Thursday, September 10, 2015

The benefits of moving per-push Buildbot scheduling into the tree

Some of you may be aware of the Buildbot Bridge (aka BBB) work that bhearsum worked on during Q2 of this year. This system allows scheduling TaskCluster graphs for Buildbot builders. For every Buildbot job, there is a TaskCluster task that represents it.
This is very important as it will help to transition the release process piece by piece to TaskCluster without having to move large pieces of code at once to TaskCluster. You can have graphs of

I recently added to Mozilla CI tools the ability to schedule Buildbot jobs by submitting a TaskCluster graph (the BBB makes this possible).

Even though the initial work for the BBB is intended for Release tasks, I believe there are various benefits if we moved the scheduling into the tree (currently TaskCluster works like this; look for the gecko decision task in Treeherder).

To read another great blog post around try syntax and schedulling please visit ahal's post "Looking beyond Try Syntax".

NOTE: Try scheduling might not have try syntax in the future so I will not talk much about trychooser and try syntax. Read ahal's post to understand a bit more.

Benefits of in-tree scheduling:

  • Per-branch scheduling matrix can be done in-tree
    • We can define which platforms and jobs run on each tree
    • TaskCluster tasks already do this
  • Accurate Treeherder job visualization
    • Currently, jobs that run through Buildbot do not necessarily show up properly
    • Jobs run through TaskCluster show up accurately
    • This is due to some issues with how Buildbot jobs are represented in between states and the difficulty to have a way to related them
    • It could be fixed but it is not worth the effort if we're transitioning to TaskCluster
  • Control when non-green jobs are run
    • Currently on try we can't say run all unit tests jobs *but* the ones that should not run by default
    • We would save resources (do not run non-green jobs) and confusion for developers (do not have to ask why is this job non-green)
  • The try syntax parser can be done in-tree
    • This allows for improving and extending the try parser
    • Unit tests can be added
    • The parser can be tested with a push
    • try parser changes become atomic (it won't affecting all trees and can ride the trains)
  • SETA analysis can be done in-tree
    • SETA changes can become atomic (it won't affecting all trees and can ride the trains)
    • We would not need to wait on Buildbot reconfigurations for new changes to be live.
  • Per push scheduling analysis can be done in-tree
    • We currently only will schedule jobs for a specific change if files for that product are being touched (e.g.

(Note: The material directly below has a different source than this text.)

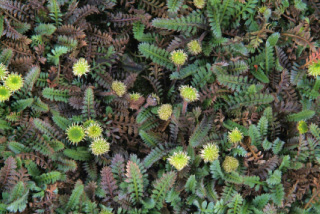 Leptinella pyrethrifolia  bestellen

Firefox for Android for mobile/* changes)
  • PGO scheduling can be done in-tree
    • PGO scheduling changes become atomic (it won't affecting all trees and can ride the trains)
  • Environment awareness hooks (new)
    • If the trees are closed, we can teach the scheduling system to not schedule jobs until further notice
    • If we're backlogged, we can teach the scheduling system to not schedule certain platforms or to schedule a reduced set of jobs or to skip certain pushes
  • Help the transition to TaskCluster
    • Without it we would need to transition builds and associated tests to TaskCluster in one shot (not possible for Talos)
  • Deprecate Self-serve/BuildApi
    • Making changes to BuildApi is very difficult due to the lack of testing environments and set-up burden
    • Moving to the BBB will help us move away from this old system
There are various parts that will need to be in place before we can do this. Here's some that I can think of:
  • TaskCluster's big-graph scheduling
    • This is important since it will allow for the concept of coalescing to exist in TaskCluster
  • Task prioritization
    • This is important if we're to have different levels of priority for jobs on TaskCluster
    • On Buildbot we have release repositories with the highest priority and the try repo having the lowest
    • We also currently have the ability to raise/decrease task priorities through self-serve/buildapi. This is used by developers, specially on Try. to allow their jobs to be picked up sooner.
  • Treeherder to support LDAP authentication
    • It is a better security model to scheduling changes
    • If we want to move away from self-server/buildapi we need this
  • Allow test jobs to find installer and test packages
    • Currently test jobs scheduled through the BBB cannot find the Firefox installer and the 
Can you think of other benefits? Can you think of problems with this model? Are you aware of other pieces needed before moving forward to this model? Please let me know!



Creative Commons License
This work by Zambrano Gasparnian, Armen is licensed under a Creative Commons Attribution-Noncommercial-Share Alike 3.0 Unported License.

3 comments:

  1. Will this also enable jobs' taskcluster group and symbol (eg SM(r)) to be specified from within the tree? How about task graphs, like the jobs involved and the edges between them? I would love to be able to create a new pair of jobs, a build job and a dependent test job, entirely within the tree and have them automagically show up on try (esp. if it could be off by default for other people, so I could roll it out gradually) with the right group and symbol on treeherder. Bonus points if I could make them scheduled once a day (or scheduled on every push but have some extra upload-all-the-stuff setting turned on once a day or something.)

    ReplyDelete
    Replies
    1. Adding new tasks in-tree is already possible today if the tasks you're adding runs on TaskCluster (which I think all new tasks should -- there is work on adding windows and later OS X support for TC).
      The in-tree configuration format and associated tools are still a bit rough, but they'll get better over time.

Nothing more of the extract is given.